百名ヒロキ「早くお客さんの前に立ちたかった」芝居漬けの日々を求める裏に“焦燥感”

人気マンガ『GANTZ』(集英社)を原作とした、舞台「GANTZ:L ACT&ACTION STAGE」で初主演を務める百名ヒロキ。彼が舞台の世界に足を踏み入れたのは、昨年7月に上演されたミュージカル「ボクが死んだ日はハレ」のときだ。「早くお客さんの前に立ちたかった」と語る百名。多くのオーディションを受けていた日々から、今では1日にふたつの作品の稽古へ通うほど、芝居漬けの生活を送っている。舞台経験の少なさに焦りを感じるときはある。それでも、芝居と向き合う喜びを噛みしめている――今の彼はそんなふうに見えた。

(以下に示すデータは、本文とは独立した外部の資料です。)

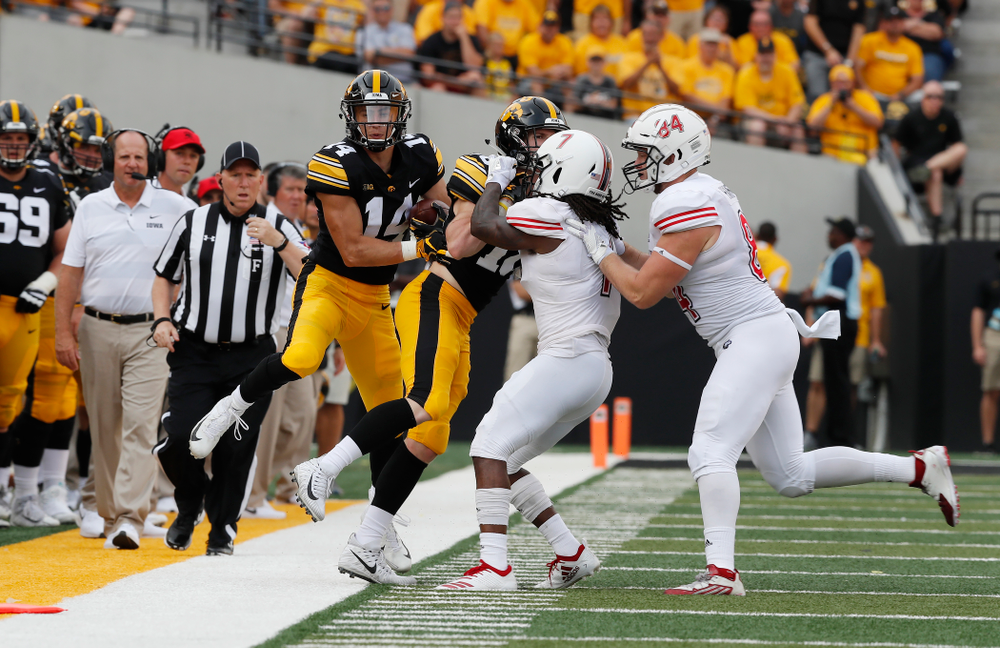 Iowa Hawkeyes wide receiver Kyle Groeneweg (14) returns a punt against the Northern Illinois Huskies Saturday, September 1, 2018 at Kinnick Stadium. (Brian Ray/hawkeyesports.com)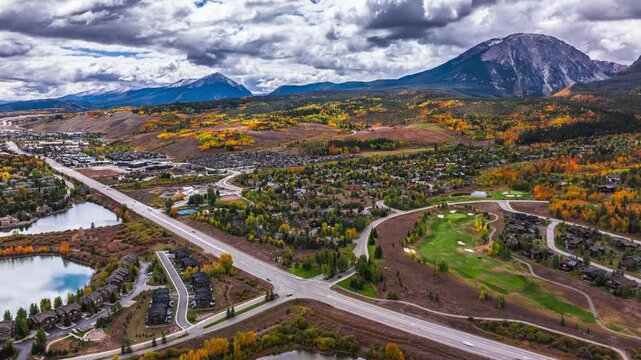 Autumn landscape during fall season with mountains, aerial hyperlapse, Silverthorne, Colorado, 4K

撮影/川野結李歌 取材・文/渡邉千智 制作/iD inc.

物語のなかで変化していく玄野の成長過程を見せたい

1月26日から上演される舞台「GANTZ:L」。過去に実写映画化、劇場アニメ化、TVアニメ化とさまざまなメディアミックスがされた、奥 浩哉さんによる人気マンガ『GANTZ』が原作です。
マンガも実写映画も知っていました。原作を読んで感じたのは、登場人物たちが突拍子もないことばかりやっているように見えて、そのなかに強いメッセージ性が込められているということ。いろんなことを考えさせられる部分が魅力的だと思いました。
もともとご存知だった作品に、初主演として出演が決まったときの気持ちはいかがでしたか?
まず舞台化にびっくりしたのに、主役の玄野 計役ということにさらに驚きましたし…焦りました。なかなか友人にも言えずにいましたね。
プレッシャーで、周囲にも決まったことがなかなか言えなかった…?
いや、これからキャストが変わるんじゃないかな、という心配があって…。それくらい信じられなくて。ウソかもしれないと思っていました。
紛れもなくウソではなかったわけですが…(笑)。それからご友人には伝えられましたか?
公演のビジュアルが発表されたときに、友人たちにすぐにニュース記事を拡散しました(笑)。みんな喜んでくれてうれしかったです。
百名さんが本作で演じる主人公の玄野 計は、厄介なことには首を突っ込まずに生きていた平凡な高校生。同級生の加藤 勝(高橋健介)と電車に轢かれて死亡したことによって、謎の球体「ガンツ」から下される、星人を倒すミッションに参加することになります。稽古を進められて、台本から感じた玄野のイメージと変わってきた部分はありますか?
変わりましたね。台本の文字だけを見ていると、舞台版の玄野はより普通の人間っぽいなと思ったのですが、稽古を進めてみて原作に近いイメージだったんだなと。ほかの登場人物たちとの会話を通して、台本で感じたときよりもっと“ちゃらんぽらん”な人間なんだなと感じました。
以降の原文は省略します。